If you would like to bring The Love Lettering Project to your event or workplace, host a writing workshop or having Lindsay speak about community engagement, please contact Lindsay at loveletteringproject [at] gmail.com
What do you love about where you live?
The Love Lettering Project is a community engagement project that asks participants to write letters about what they love about where they live. Since 2004, Lindsay Zier-Vogel has been spreading civic love by asking people to create these anonymous love letters to their cities, slip them into The Love Lettering Project’s signature airmail envelopes marked “love.” and distribute them anonymously throughout their communities.
Thousands of people have participated in over 250 Love Lettering Project events. This internationally acclaimed collaborative project has the capacity to transform individuals’ relationship to their communities through social engagement.
In addition to many events in her hometown of Toronto, Lindsay and The Love Lettering Project have travelled to Canada’s north, a five-city tour of the U.K., Brazil and New York City, with pop-up events toured the U.S. with stops in Chicago, Boston, L.A. and Atlanta. The Love Lettering Project was featured in Riverside, California for the 2016 Smithsonian Museum Day, and travelled to Washington D.C. and Virginia to launch Melody Warnick’s book, This Is Where You Belong. Lindsay has leading place-based writing workshops through the Toronto Public Library system, with funding from the Ontario Arts Council. The Love Lettering Project was the basis for the David Suzuki Foundation’s 2016 international 30×30 campaign and launched the Art Gallery of Ontario’s Weston Family Learning Centre in Toronto. Lindsay has also partnered with the Word On The Street festival, the Toronto Public Library system, the Toronto District School Board, Tourism Toronto, the Canadian High Commission in London, England, among others.
Lindsay’s debut novel, Letters to Amelia, is an epistolary book exploring the life of Amelia Earhart and, her debut kids’ book Dear Street, is a Love Lettering Project-based picture book is coming out with Kids Can Press in May 2023.
The Love Lettering Project has been deemed one of the 50 reasons to love Toronto by Toronto Life magazine and has been featured in international media, including The Atlantic’s CityLab, NPR, The Londonist, CBC Television’s The National, Global National News, CTV’s Canada AM, The Toronto Star, The Globe and Mail and CBC Radio’s World Report. Lindsay is also a frequent contributor to CBC Radio’s Metro Morning. (More press details here).
Photo by Phillipa Croft
About Lindsay
When she’s not love lettering, Lindsay works as a writer and arts educator. She studied contemporary dance at The School of Toronto Dance Theatre, received her B.A. as an English Specialist at the University of Toronto and has completed an M.A. in Creative Writing at the University of Toronto under the advisorship of award winning novelist, Anne Michaels. Her first novel Letters to Amelia comes out with Book*Hug Press in 2022, and she has two place-based picture books coming out with Kids Can Press in 2022 and 2023.

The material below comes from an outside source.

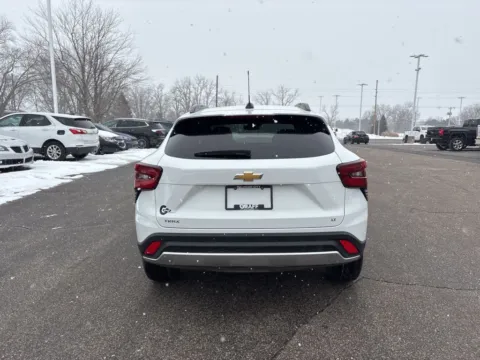 More photos of 2025 Chevrolet Trax LT at Graff Chevrolet GMC of Michigan City, IN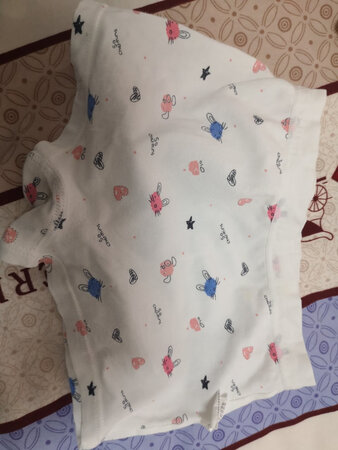 纯棉布料，小孩穿着舒适，喜欢。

Her work has been published in various publications including The Letters Page (University of Nottingham), The Toronto Star, Gooselane’s Where The Nights Are Twice As Long: Love Letters from Canadian Poets, Watermarks: Writing by Lido Lovers and Wild Swimmers (Frogmore Press/Pells Pool, UK), The Temz Review, The Quarantine Review (Dundurn Press), The Lampeter Review, Taddle Creek, Descant, and Grain and Her hand-bound books of poetry have been added to the permanent collection at the Thomas Fisher Rare Books Library and she is one of three contributors to the popular swimming blog, Swimming Holes We Have Known.
Lindsay has been working as an arts educator in schools and communities since 2001 and she is currently the Program Director of Word-Play’s Writing In The City creative writing program for youth in Toronto. She has also done interactive guest lectures about community engagement and placemaking at Humber College, the Toronto Public Library, and at Victoria College at the University of Toronto, the University of Toronto’s English Department, and in Montreal through Concordia’s University of the Streets program.
There are three key components to the project:
1). Reflecting on what you love about the city you live in
The shift in perspective from seeing what needs to be fixed to what works in a city is a powerful shift indeed. This social engagement promotes a greater sense of well-being and civic pride.
2). The creation of the love letter
The project provides an opportunity for members of the community to engage with the written word and paper arts in a judgment-free, accessible forum. Lindsay then takes a photo of each letter created to add to this site, as well as to Twitter and the Love Lettering Project Instagram page.
3). Individuals take their love letter and hide it anonymously for a stranger to find
This final step asks participants to further engage with their physical community, hiding their love letter for a stranger to find with no personal agenda other than the simple pleasure of sharing joy.